La amistad , el enamoramiento, los noviazgos, el deseo sexual, la masturbación, los juegos sexuales y a veces hasta las relaciones sexuales caracterizan en lo sentimental y corporal a esta importante etapa. Si en ella se anidan miedos, tabúes, mitos, malos aprendizajes, serán posiblemente expresados  en el futuro  como respuestas alteradas en su vida emocional.

El deseo sexual es parte de ese desarrollo normal que permite la evolución de la vida de placer y reproducción de las personas. En la adolescencia el desear se convierte en un indicador de madurez  biológica y sicosocial. Es a la educación sexual a quien  corresponde orientar en  la canalización de estos factores para que sean aprovechados en la construcción de una identidad  sexual sana y responsable .

La última etapa se denomina “adolescencia tardía” y constituye una entrada a la vida joven adulta, es la devuelta a casa con mayor capacidad de valorar a la familia y de unirse de nuevo ya con nuevas adquisiciones como sería un novio o novia, la entrada a la universidad, mayor estabilidad emocional, entre otras.

Hablar de adolescencia ya no es posible sino se hace una categorización y decimos  de qué edad estamos hablando, de cuál etapa estamos   haciendo referencia para poder comprender que pasa por esos y esas adolescentes o igual poder  entender que si aparecen comportamientos extemporáneos, no esperados es porque algo no anda bien hay que poner mayor atención.

El sexo nos diferencia y la sexualidad nos expresa, pero en cada etapa y momento de la vida tienen sus formas específicas de hacerlo.

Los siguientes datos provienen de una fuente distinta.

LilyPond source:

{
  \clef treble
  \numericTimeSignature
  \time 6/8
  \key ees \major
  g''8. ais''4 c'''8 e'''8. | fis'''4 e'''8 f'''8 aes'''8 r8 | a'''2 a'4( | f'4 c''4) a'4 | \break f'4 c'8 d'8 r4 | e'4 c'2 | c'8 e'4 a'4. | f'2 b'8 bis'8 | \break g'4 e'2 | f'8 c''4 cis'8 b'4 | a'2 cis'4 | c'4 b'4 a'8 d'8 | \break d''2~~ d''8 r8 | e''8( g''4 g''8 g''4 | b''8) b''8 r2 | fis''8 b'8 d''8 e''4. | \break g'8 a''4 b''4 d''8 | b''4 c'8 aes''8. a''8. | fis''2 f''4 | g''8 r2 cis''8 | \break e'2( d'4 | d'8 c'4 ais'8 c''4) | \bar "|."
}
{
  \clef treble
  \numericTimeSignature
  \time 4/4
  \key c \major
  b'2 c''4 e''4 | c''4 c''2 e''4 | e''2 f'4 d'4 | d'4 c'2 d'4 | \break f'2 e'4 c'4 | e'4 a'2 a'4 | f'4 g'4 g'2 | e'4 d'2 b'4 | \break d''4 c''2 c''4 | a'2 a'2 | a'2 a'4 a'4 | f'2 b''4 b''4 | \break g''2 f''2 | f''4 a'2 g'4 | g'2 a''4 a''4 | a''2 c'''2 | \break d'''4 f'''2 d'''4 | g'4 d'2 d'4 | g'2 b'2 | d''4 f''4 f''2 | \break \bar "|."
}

Cada etapa tiene sus  comportamientos y sus emociones, entendiendo estas como sensaciones y percepciones, es decir un estado anímico que responde a las realidades diarias por las que atravesamos.

Por ejemplo podemos sentirnos bien o mal por algún evento ocurrido, dependiendo de la etapa de la adolescencia se asociará o con la relación con los padres o con los pares o con la novia o el novio. El sentimiento asociado condicionará nuestras respuestas y nuestros aprendizajes.

Una situación vivida puede condicionar a emociones negativas respecto a querer relacionarnos con otros u otras, con querer tener pareja, con evadir el sexo, por el contrario una experiencia de  felicidad y armonía en un hogar estable podría generar emociones y sentimientos favorables a la vida sexual, reproductiva y de pareja.

La idea sería que al conocer estas relaciones y sus determinantes trabajemos una educación sexual que reconozca  y pondere los elementos positivos de las emociones para poder construir de manera responsable una sexualidad que permita que nos expresemos desde la  felicidad y no desde el fracaso y la  frustración.